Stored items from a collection
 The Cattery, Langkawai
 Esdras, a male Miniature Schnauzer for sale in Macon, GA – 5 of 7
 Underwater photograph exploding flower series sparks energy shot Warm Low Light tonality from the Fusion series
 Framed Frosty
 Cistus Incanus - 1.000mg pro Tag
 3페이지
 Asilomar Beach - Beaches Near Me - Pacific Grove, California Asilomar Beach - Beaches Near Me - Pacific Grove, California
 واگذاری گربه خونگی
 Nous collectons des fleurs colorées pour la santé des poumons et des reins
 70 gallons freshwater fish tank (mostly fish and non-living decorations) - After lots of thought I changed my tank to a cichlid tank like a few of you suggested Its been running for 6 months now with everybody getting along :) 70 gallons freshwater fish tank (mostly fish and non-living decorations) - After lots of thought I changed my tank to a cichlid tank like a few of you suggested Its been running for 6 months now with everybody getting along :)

...

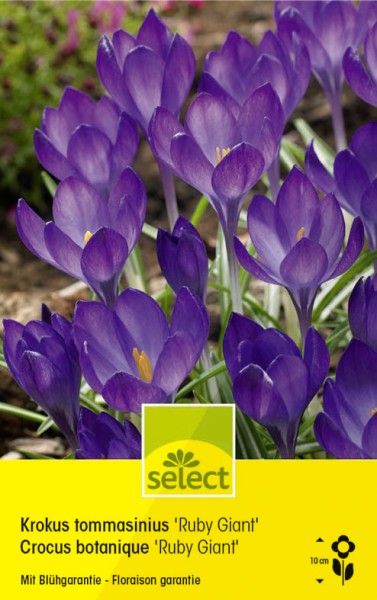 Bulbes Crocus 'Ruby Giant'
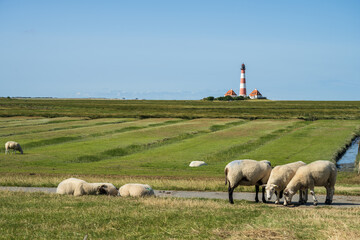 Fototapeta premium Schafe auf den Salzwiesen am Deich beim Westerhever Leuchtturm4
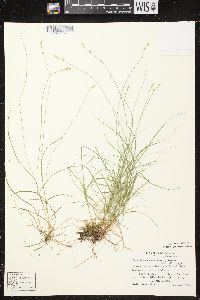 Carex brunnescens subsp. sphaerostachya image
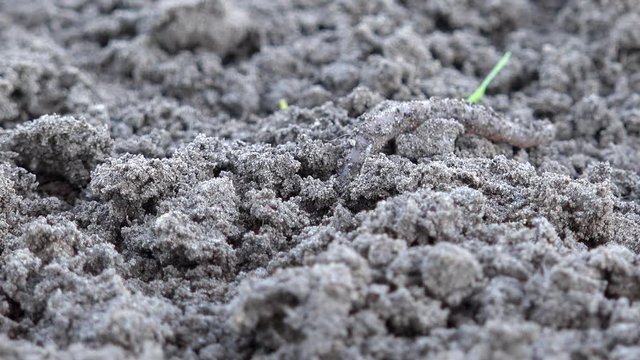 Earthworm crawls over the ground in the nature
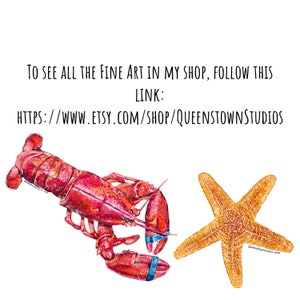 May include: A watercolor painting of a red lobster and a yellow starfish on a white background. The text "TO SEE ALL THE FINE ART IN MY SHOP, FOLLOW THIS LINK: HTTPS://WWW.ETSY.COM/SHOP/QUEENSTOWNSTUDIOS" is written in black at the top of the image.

## [Exercise goal]
Of all the entries above, output exactly the lines between the one holding "The Cattery, Langkawai" and the one holding "Nous collectons des", inclusive.

## [Written answer]
 The Cattery, Langkawai
 Esdras, a male Miniature Schnauzer for sale in Macon, GA – 5 of 7
 Underwater photograph exploding flower series sparks energy shot Warm Low Light tonality from the Fusion series
 Framed Frosty
 Cistus Incanus - 1.000mg pro Tag
 3페이지
 Asilomar Beach - Beaches Near Me - Pacific Grove, California Asilomar Beach - Beaches Near Me - Pacific Grove, California
 واگذاری گربه خونگی
 Nous collectons des fleurs colorées pour la santé des poumons et des reins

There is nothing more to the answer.